Dataset section:
⁂

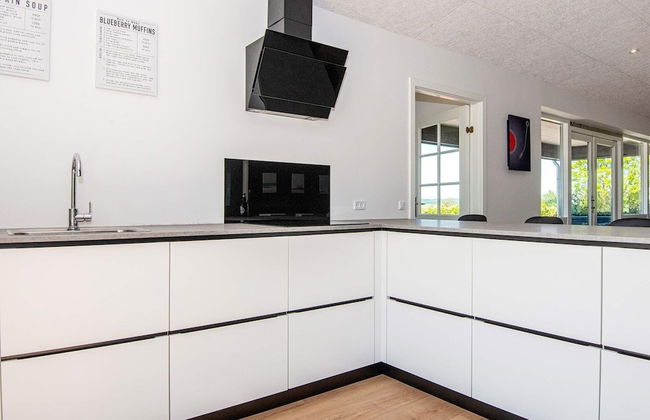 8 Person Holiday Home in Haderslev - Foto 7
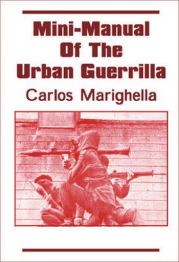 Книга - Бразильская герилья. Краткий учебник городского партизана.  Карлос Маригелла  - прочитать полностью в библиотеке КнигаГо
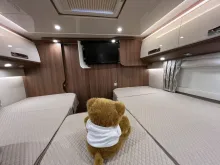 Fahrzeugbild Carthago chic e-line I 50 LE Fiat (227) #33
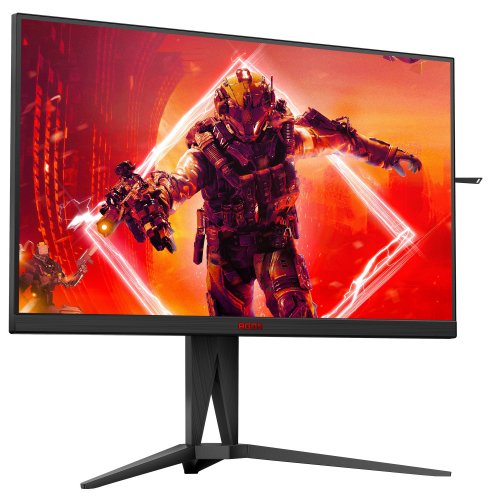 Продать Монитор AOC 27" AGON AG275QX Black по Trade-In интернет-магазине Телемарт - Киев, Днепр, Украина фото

⁂

Work to be completed: Omit the pictures and write out the remaining data exactly.

Written answer:
 8 Person Holiday Home in Haderslev - Foto 7
 Книга - Бразильская герилья. Краткий учебник городского партизана.  Карлос Маригелла  - прочитать полностью в библиотеке КнигаГо
 Fahrzeugbild Carthago chic e-line I 50 LE Fiat (227) #33
 Продать Монитор AOC 27" AGON AG275QX Black по Trade-In интернет-магазине Телемарт - Киев, Днепр, Украина фото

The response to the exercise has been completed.